WHAT TO PRODUCE =>
All of the data is to be written out again exactly, without the pictures.

DATA BELOW =>

BEGIN

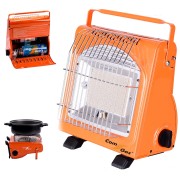 ESTUFA GAS PORTATIL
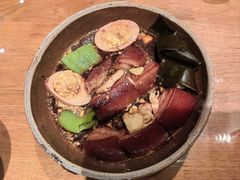 -泉畔人家·老济南经典鲁菜(大明湖店)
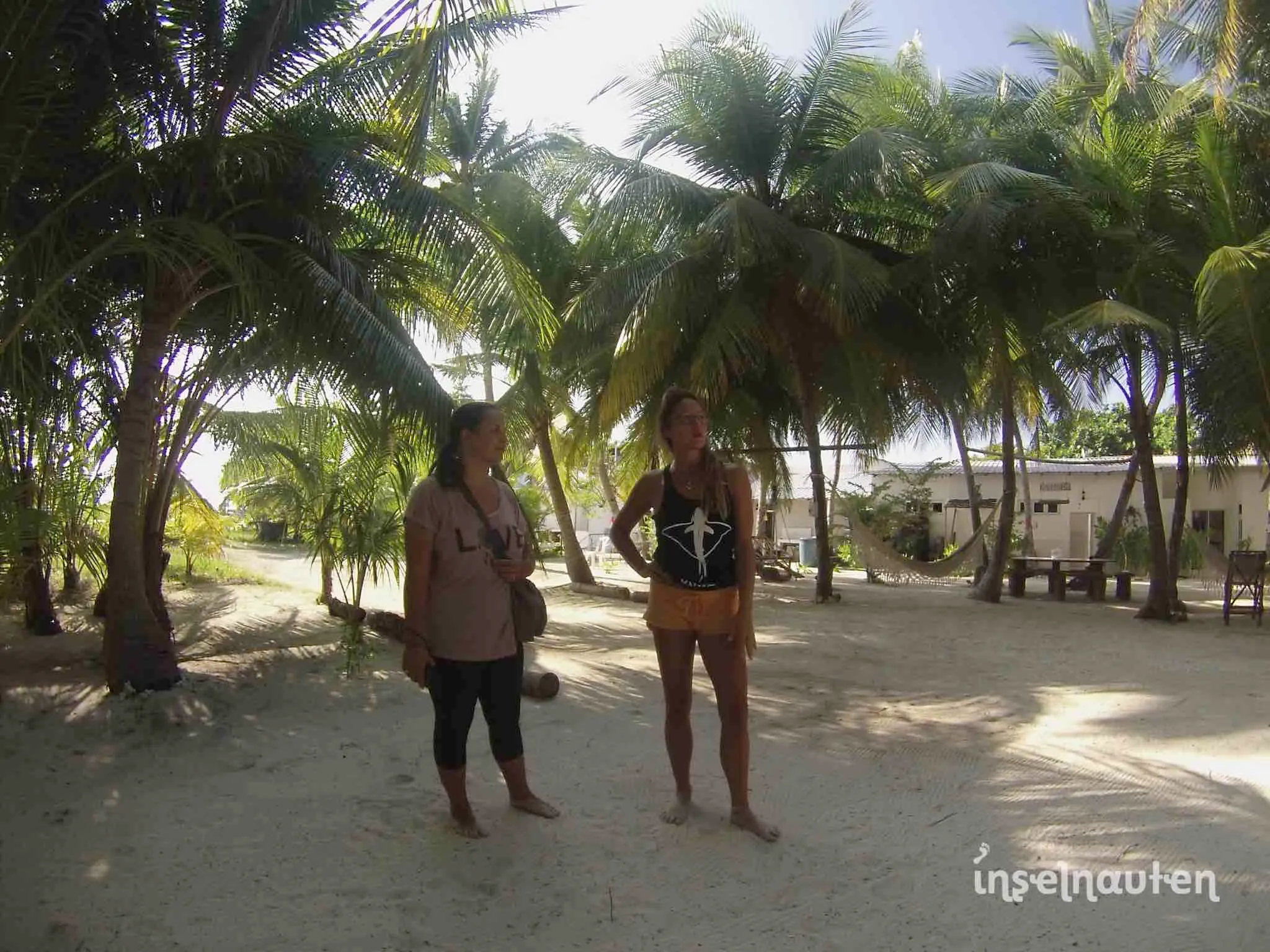 Thulusdhoo, Malediven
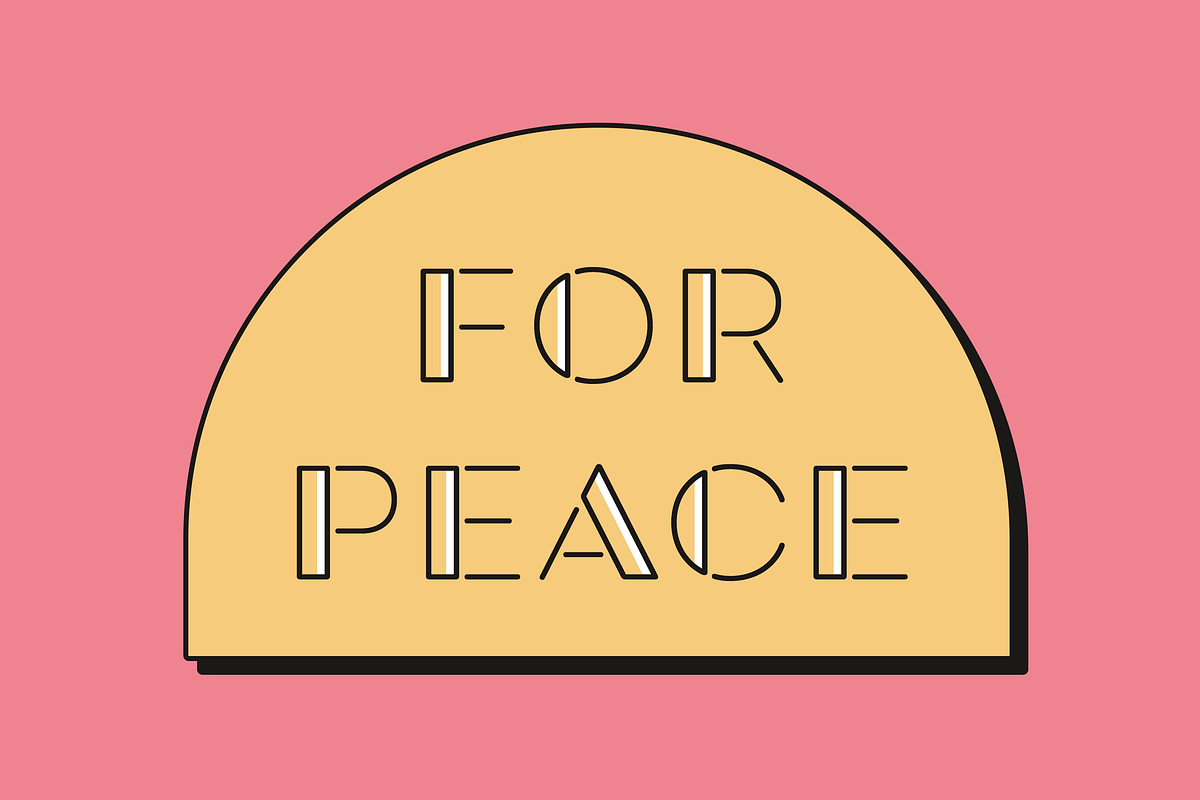 Tokyo Olive, a Sans Serif Font by Dharma Type (Photo 5 of 10)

END

WRITTEN RESPONSE =>
 ESTUFA GAS PORTATIL
 -泉畔人家·老济南经典鲁菜(大明湖店)
 Thulusdhoo, Malediven
 Tokyo Olive, a Sans Serif Font by Dharma Type (Photo 5 of 10)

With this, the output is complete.